Özellikle 2. Dünya Savaşı’ndan sonra, İngilizler, Almanya’nın elindeki mühimmatı bir an önce yok etmek maksadıyla, topladıkları cephane türü her şeyi Almanlara denize döktürmüştür. 1950’li yıllarda da bir bölümünü tekrar toplattılar.
28 Ağustos 1914’de, İngilizler tarafından torpillenerek batırılan 130 metre uzunluğundaki Alman SMS Mainz kruvazörü ile bölgede başlayan batan savaş gemisi sayısı zamanla 120’yi bulmuştur. Bir süre önce yapılan araştırmalarda, uzmanlar çürümeye başlayan mühimmattan etkilenen 71 bölge tespit ettiler. Kuzey Denizi’nde, 21 noktada daha denize mühimmat atıldığı tahmin edilmektedir.
Alman Frauenhofer Kimyasal Teknoloji Enstitüsü ICT ye göre, şu anda denizin çok derin olmayan bölgelerinde, 1,6 milyon ton konvansiyonel savaş cephanesi ve 200 ton kimyasal savaş mühimmatı yatmaktadır. Bunlardan başka, ayrıca, Baltık Denizi’nde 30.000 deniz mayını, Kieler Aussenförde’de 8.000 torpido ateşleme başlığı, patlatılmış ya da patlatılmamış sayısı belli olmayan su bombası ve 65.000 ton kimyasal madde içeren mühimmat bulunmaktadır (Hardal gazı, sinir gazı olan Tabun, ciğerleri kısa sürede devre dışı bırakan fosgen, kusmayla birlikte bedensel güçsüzlüğe yol açan adamsit gazı gibi. Bu son ikisi 1. Dünya Savaşı’nda sıklıkla kullanılmıştır).
Thünen Enstitüsü’nün verilerine göre, kimyasal madde içeren mühimmatın büyük bir kısmı Baltık Denizi’nin derin bölgelerinde (Bornholm ve Gotland bölgesinde 42.000 – 65.000 ton, Skagerrak bölgesi 200.000 tona kadar ve sığ bölge olan Kleiner Belt’de 6.000 ton), konvansiyonel mühimmatın çok büyük bir bölümü Kuzey Denizi’nde bulunmaktadır.
Buradaki sorun, deniz diplerinde yatan yüz binlerce ton çeşitli kalibrede top mermisi ve çok çabuk parlayarak bir ateş topu haline gelen beyaz fosfor içeren alev ve yangın bombaları, torpidolar ve kimyasal gaz el bombalarının, zaman içinde paslanarak erimeye başlamış olabileceğidir. Bunların, deniz suyuna karışmasıyla, insan, balık ve deniz içi canlı florasına, ekolojik sisteme etkilerinin ne denli olumsuz etki yapacağı konusunda tam bir fikir sağlanamasa da, tahmin edilmektedir.
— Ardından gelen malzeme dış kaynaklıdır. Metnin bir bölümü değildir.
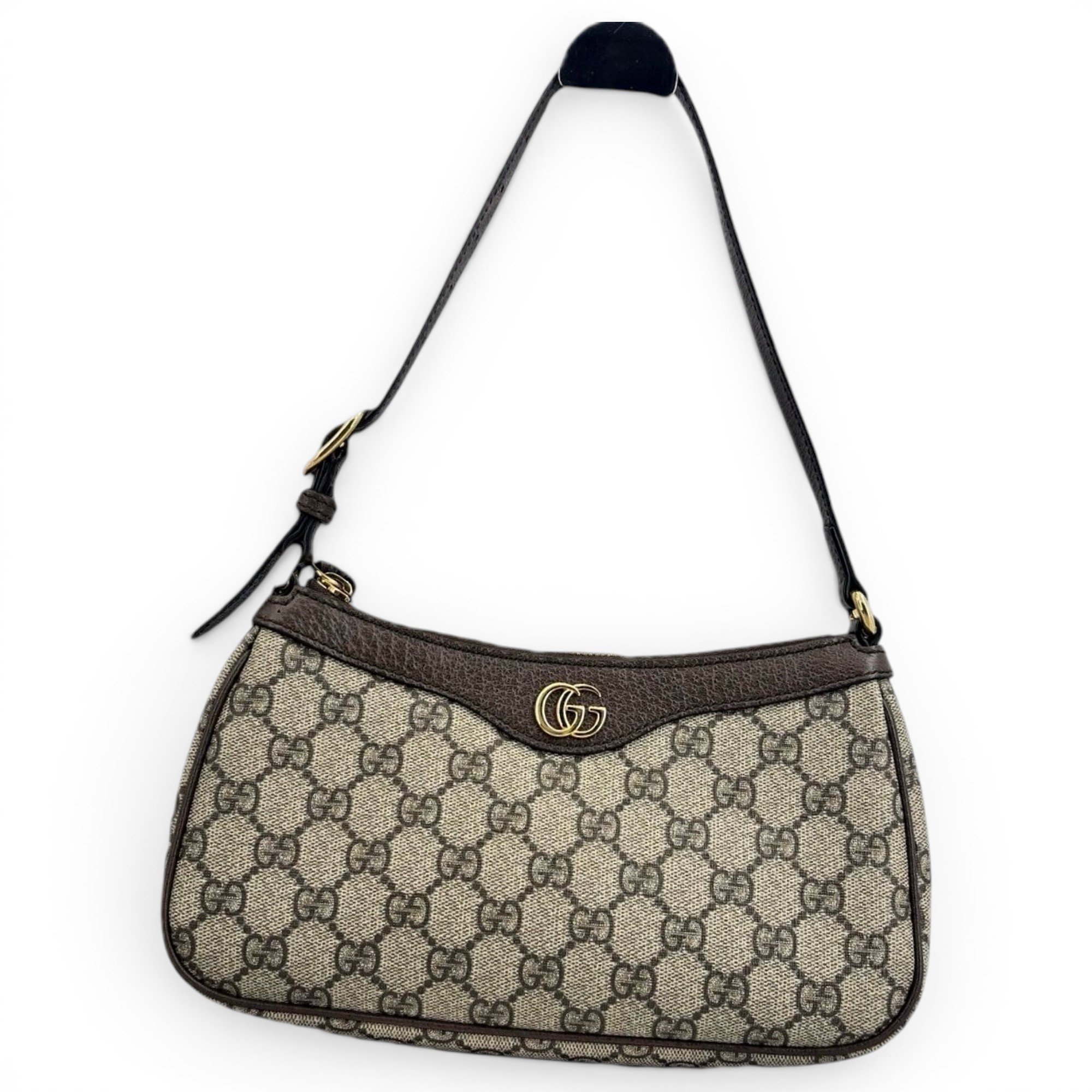 Ophidia cloth handbag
Son yapılan araştırmalarda, adı geçen bölgelerde yaşayan morina balıklarının etinde, diğer balıkların safrasında patlayıcı madde kalıntıları tespit edilmiştir. İnsanlara olan etkisine gelince, şu anda herhangi zararının olmadığı düşünülse de, gelecekte, bunun bu şekilde kalmayacağı kesindir.
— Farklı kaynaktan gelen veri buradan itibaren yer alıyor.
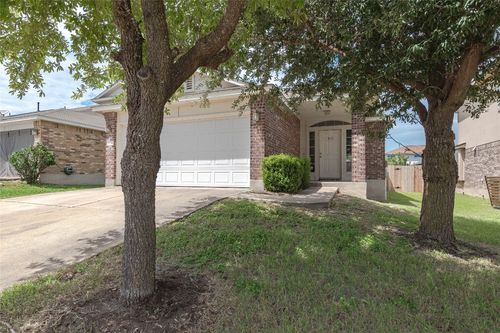 1504 Morning Mist Ln, Pflugerville, TX, 78660-7975 | Card Image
Bu denli geniş bir alana yoğun bir şekilde yayılmış patlayıcı ve yanıcı maddenin, deniz altına kablo sistemleri ve petrol nakil borularının döşenmesi sırasında oluşturabileceği tehlikeyi şu anda kimse kestiremiyor. Bilinen şu ki, önümüzdeki 10-15 yıl içinde bu mühimmatın çeperlerinin tuz ve denizdeki güçlü gelgit olayları sonucu eriyerek içindeki patlayıcı maddelerin denize karışacak olmasıdır. Öbür taraftan, bunların patlatılması, beraberinde birçok canlının yitirilmesine de yol açmaktadır. 2019 Ağustos ayında, deniz kuvvetlerinin, deniz canlılarının doğal yaşam alanında yatan 42 mayını patlatması sonucu 15 balinanın öldüğü tahmin edilmektedir.
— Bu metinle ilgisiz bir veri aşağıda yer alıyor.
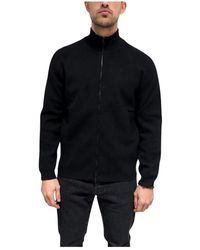 C.P. Company - Cardigans - Lyst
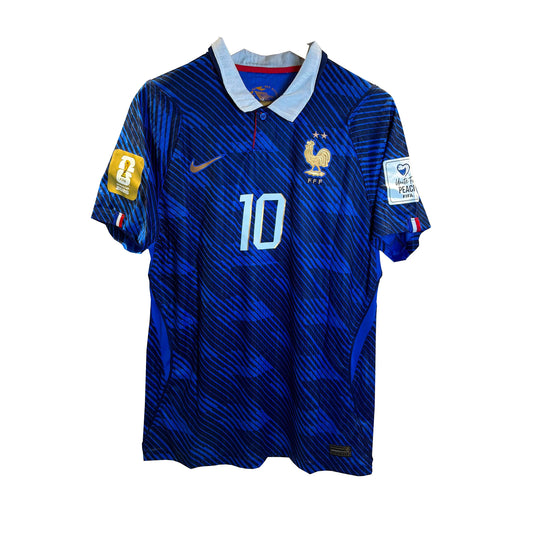 Camiseta Nike Francia 26/27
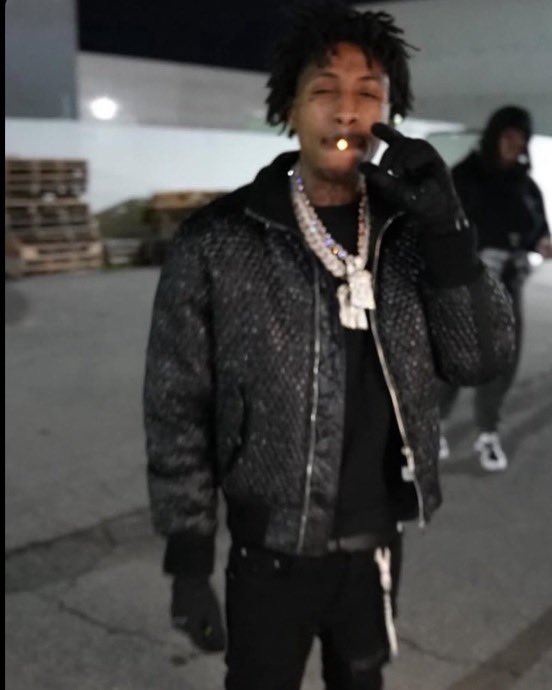 kentrellnews's tweet image. NBA YOUNGBOY FREE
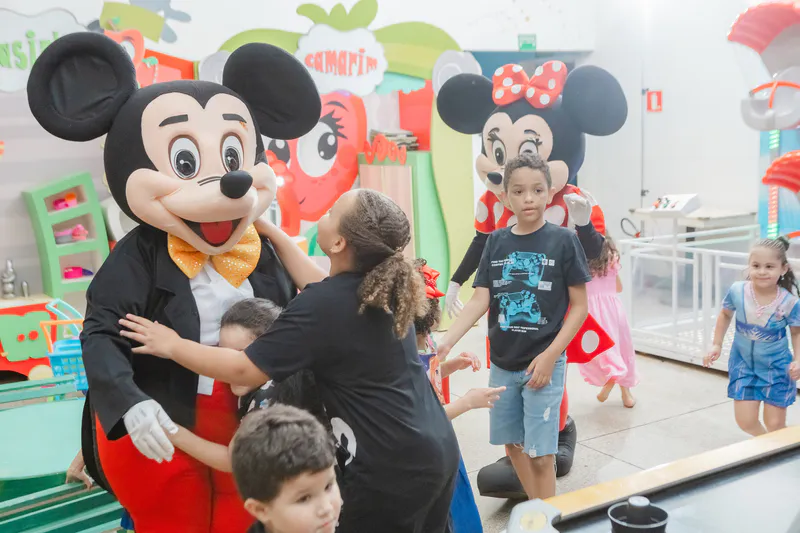 Aniversario Isabela 5 Anos — foto 33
Denizine en güzel kıyılarımız olan Akdeniz ise başka bir tehlike çemberinde.
İtalyan mafyası 1992’den beri zehir ya da radyoaktif madde içeren varilleri gemileriyle batırarak Akdeniz’i bir zehirli madde deposu haline getirdi. Kalabrien’e bağlı Paola Başsavcılığı, kentin kıyılarına yakın bir yerde Cunsky adlı bir gemi batığı bulmuştur. Gemide 120 adet büyük konteyner içinde nükleer atık olduğu tespit edilir. Eski bir mafya üyesi, bu zehir yüklü gemiler hakkında, 1990’lı yılların başından beri İtalyan resmi makamlarına, tehlikenin boyutları hakkında bilgi verilse de; bu durumun yetkililerin pek de umurunda olmadığını ifade etmektedir. Mafya üyesi savcılıkta verdiği ifadede, gemiyi batıran özel patlayıcıların Hollanda’dan geldiğini, nükleer çöpün ise Norveç’e ait olduğunu anlatarak, işin uluslararası bir organizasyon tertibi olduğunu da aslında bir şekilde dile getirmiş. Aynı eski mafya üyesi verdiği ifadede, binlerce zehir dolu varilin, o dönemde İtalya’nın kontrolünde olan Somali Bosasso limanı yakınlarında, İtalyan donanması denetiminde denize atıldığını da sözlerine eklemiş.
Şu anda insanların tatil yaptığı kıyılarda bariz bir tehlike görünmemekle beraber, bu durumun ileriki yıllarda nasıl bir tehlikeye dönüşeceği de tam olarak kestirilemiyor. Ama orada yaşayan canlıların şimdiden zarar gördükleri de aşikârdır.